**TASK INSTRUCTIONS**
When you come to the line with "Porsche 911 Speedster", begin repeating; continue exactly through the final line of the records and include nothing from before.

Stored entries:
[Start of section]
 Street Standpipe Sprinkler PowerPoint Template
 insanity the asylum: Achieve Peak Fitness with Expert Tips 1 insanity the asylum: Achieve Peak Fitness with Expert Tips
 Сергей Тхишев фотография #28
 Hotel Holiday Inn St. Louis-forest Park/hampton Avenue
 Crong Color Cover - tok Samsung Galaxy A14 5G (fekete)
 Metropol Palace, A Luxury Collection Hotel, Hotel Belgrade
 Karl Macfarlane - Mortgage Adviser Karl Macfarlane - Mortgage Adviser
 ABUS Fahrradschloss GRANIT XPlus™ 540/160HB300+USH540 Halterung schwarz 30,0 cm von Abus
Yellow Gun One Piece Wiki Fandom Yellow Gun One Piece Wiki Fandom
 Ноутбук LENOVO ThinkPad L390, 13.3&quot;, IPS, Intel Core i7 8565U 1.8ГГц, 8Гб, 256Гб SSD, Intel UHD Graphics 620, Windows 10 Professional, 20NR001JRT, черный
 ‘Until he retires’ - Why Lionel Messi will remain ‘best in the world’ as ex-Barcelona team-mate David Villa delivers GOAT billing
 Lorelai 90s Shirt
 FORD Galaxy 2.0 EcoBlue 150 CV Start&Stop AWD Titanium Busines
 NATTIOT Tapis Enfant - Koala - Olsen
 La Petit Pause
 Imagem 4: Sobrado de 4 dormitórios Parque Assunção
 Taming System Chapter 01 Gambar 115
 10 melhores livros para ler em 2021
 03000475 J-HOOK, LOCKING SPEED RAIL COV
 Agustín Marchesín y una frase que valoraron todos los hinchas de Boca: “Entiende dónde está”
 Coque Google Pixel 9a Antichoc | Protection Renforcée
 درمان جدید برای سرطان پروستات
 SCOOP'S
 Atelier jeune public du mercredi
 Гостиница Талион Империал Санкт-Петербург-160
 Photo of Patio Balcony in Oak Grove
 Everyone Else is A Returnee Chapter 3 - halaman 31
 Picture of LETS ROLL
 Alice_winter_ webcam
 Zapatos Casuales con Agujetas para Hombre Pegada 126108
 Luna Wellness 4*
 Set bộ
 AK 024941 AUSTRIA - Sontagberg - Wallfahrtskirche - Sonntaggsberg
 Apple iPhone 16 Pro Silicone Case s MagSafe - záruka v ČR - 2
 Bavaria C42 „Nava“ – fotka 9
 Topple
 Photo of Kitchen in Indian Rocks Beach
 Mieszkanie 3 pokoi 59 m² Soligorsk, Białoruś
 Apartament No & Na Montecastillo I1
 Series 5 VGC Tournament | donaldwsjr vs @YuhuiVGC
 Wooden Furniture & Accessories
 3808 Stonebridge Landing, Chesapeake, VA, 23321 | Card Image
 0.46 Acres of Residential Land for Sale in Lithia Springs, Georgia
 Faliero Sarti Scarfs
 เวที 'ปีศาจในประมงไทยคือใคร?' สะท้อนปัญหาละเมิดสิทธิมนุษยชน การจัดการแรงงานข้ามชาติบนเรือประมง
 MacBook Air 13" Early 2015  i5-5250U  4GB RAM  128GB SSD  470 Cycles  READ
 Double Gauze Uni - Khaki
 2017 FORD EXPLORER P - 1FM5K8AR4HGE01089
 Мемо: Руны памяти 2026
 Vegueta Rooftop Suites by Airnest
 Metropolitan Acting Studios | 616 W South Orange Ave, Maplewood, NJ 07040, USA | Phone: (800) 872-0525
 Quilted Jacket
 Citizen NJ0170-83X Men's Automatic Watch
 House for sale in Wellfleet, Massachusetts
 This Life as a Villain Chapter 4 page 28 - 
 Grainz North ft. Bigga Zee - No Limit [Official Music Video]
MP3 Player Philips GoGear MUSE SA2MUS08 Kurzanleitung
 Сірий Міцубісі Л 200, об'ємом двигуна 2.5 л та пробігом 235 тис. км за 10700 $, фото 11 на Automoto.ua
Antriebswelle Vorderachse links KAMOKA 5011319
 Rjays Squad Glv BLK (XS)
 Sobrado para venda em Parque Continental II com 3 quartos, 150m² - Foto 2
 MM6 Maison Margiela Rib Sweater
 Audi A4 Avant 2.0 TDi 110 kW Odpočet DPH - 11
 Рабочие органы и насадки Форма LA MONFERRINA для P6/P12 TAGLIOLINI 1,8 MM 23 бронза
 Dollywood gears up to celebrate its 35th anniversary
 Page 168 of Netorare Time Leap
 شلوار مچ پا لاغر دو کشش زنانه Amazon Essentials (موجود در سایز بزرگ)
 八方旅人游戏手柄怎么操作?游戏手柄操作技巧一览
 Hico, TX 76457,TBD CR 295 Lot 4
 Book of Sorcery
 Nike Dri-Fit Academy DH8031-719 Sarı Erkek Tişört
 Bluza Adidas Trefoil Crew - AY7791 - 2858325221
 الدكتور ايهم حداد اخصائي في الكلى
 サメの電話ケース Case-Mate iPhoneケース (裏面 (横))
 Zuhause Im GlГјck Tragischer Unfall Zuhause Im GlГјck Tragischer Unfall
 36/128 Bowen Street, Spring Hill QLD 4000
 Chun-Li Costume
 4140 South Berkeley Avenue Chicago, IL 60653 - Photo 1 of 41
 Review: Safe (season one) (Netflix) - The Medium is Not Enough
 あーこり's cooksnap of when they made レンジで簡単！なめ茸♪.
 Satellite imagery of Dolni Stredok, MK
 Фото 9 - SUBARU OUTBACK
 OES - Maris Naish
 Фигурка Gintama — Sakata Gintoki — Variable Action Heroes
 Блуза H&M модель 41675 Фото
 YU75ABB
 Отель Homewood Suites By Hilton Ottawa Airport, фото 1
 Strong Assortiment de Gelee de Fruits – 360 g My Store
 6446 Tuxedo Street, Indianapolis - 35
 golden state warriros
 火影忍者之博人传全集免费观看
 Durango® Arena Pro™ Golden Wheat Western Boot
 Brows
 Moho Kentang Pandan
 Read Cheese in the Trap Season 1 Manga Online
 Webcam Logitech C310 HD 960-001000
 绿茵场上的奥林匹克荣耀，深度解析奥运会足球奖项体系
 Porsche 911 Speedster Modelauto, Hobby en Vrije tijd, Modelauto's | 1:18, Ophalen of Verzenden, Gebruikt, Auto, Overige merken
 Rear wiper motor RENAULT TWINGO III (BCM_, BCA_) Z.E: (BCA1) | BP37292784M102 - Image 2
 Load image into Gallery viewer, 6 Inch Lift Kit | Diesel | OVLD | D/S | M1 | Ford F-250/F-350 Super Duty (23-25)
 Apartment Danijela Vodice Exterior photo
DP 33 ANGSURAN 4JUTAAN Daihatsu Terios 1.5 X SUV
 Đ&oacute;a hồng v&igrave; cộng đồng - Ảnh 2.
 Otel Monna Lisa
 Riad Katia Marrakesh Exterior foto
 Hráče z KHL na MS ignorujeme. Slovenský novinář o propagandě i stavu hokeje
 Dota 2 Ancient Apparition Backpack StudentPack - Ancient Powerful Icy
[End of section]
**YOUR RESPONSE**
 Porsche 911 Speedster Modelauto, Hobby en Vrije tijd, Modelauto's | 1:18, Ophalen of Verzenden, Gebruikt, Auto, Overige merken
 Rear wiper motor RENAULT TWINGO III (BCM_, BCA_) Z.E: (BCA1) | BP37292784M102 - Image 2
 Load image into Gallery viewer, 6 Inch Lift Kit | Diesel | OVLD | D/S | M1 | Ford F-250/F-350 Super Duty (23-25)
 Apartment Danijela Vodice Exterior photo
DP 33 ANGSURAN 4JUTAAN Daihatsu Terios 1.5 X SUV
 Đ&oacute;a hồng v&igrave; cộng đồng - Ảnh 2.
 Otel Monna Lisa
 Riad Katia Marrakesh Exterior foto
 Hráče z KHL na MS ignorujeme. Slovenský novinář o propagandě i stavu hokeje
 Dota 2 Ancient Apparition Backpack StudentPack - Ancient Powerful Icy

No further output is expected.